There is still a bias between the time series, especially at the start. We can remove it by scaling, here we use CDF matching as a nonlinear scaling method.
[11]:
# this takes the matched_data DataFrame and scales all columns to the
# column with the given reference_index, in this case in situ
scaled_data = scaling.scale(matched_data, method='cdf_beta_match',
reference_index=1)
# now the scaled ascat data and insitu_sm are in the same space
fig2, ax2 = plt.subplots()
scaled_data.plot(figsize=(15,5), title='scaled data', ax=ax2);
/shares/wpreimes/home/code/pytesmo/src/pytesmo/utils.py:436: UserWarning: The bins have been resized
warnings.warn("The bins have been resized")

To see the correlation, we can create a scatterplot.
[12]:
fig3, ax3 = plt.subplots()
ax3.scatter(scaled_data[label_ascat].values, scaled_data[label_insitu].values)
ax3.set_xlabel(label_ascat)
ax3.set_ylabel(label_insitu);

We can also calculate the correlation and other interesting metrics:
[13]:
# calculate correlation coefficients, RMSD, bias, Nash Sutcliffe
x, y = scaled_data[label_ascat].values, scaled_data[label_insitu].values
from scipy import stats
print("Pearson's R = {:.2f}, p = {:.2e}".format(*stats.pearsonr(x, y)))
print("Spearman's rho = {:.2f}, p = {:.2e}".format(*stats.spearmanr(x, y)))
print("Kendall's tau = {:.2f}, p = {:.2e}".format(*stats.kendalltau(x, y)))
print()
print("RMSD = {:.2f}".format(metrics.rmsd(x, y)))
print("Bias = {:.2f}".format(metrics.bias(x, y)))

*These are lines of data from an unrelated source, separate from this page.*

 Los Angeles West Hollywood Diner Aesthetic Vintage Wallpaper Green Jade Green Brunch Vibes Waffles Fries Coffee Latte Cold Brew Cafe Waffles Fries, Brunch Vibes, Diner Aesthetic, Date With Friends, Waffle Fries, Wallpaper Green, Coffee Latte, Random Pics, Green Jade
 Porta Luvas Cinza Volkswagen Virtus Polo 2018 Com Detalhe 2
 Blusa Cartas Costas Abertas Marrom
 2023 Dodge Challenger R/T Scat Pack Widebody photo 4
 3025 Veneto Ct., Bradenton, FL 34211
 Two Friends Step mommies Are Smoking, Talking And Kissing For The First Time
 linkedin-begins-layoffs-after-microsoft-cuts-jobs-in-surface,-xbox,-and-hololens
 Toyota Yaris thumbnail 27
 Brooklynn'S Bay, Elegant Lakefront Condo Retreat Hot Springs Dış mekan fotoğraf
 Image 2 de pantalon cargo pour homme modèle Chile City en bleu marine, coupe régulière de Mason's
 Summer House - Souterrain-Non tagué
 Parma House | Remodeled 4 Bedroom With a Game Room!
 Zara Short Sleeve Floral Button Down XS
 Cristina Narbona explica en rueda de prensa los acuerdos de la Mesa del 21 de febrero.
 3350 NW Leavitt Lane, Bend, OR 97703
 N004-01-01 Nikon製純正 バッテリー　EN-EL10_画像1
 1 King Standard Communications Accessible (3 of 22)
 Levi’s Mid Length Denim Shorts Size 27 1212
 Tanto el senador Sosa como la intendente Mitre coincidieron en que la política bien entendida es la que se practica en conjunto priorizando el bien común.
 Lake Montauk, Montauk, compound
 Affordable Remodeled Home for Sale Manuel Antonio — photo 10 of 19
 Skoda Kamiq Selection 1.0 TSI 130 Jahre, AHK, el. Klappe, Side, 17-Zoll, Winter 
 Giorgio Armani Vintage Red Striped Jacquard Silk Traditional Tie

print("Nash Sutcliffe = {:.2f}".format(metrics.nash_sutcliffe(x, y)))
Pearson's R = 0.41, p = 1.86e-11
Spearman's rho = 0.46, p = 5.86e-14
Kendall's tau = 0.33, p = 2.92e-13
RMSD = 0.08
Bias = -0.00
Nash Sutcliffe = -0.22
The correlations are all significant, although there are only in the medium range. The bias is zero, because we scaled the data and thereby removed the bias.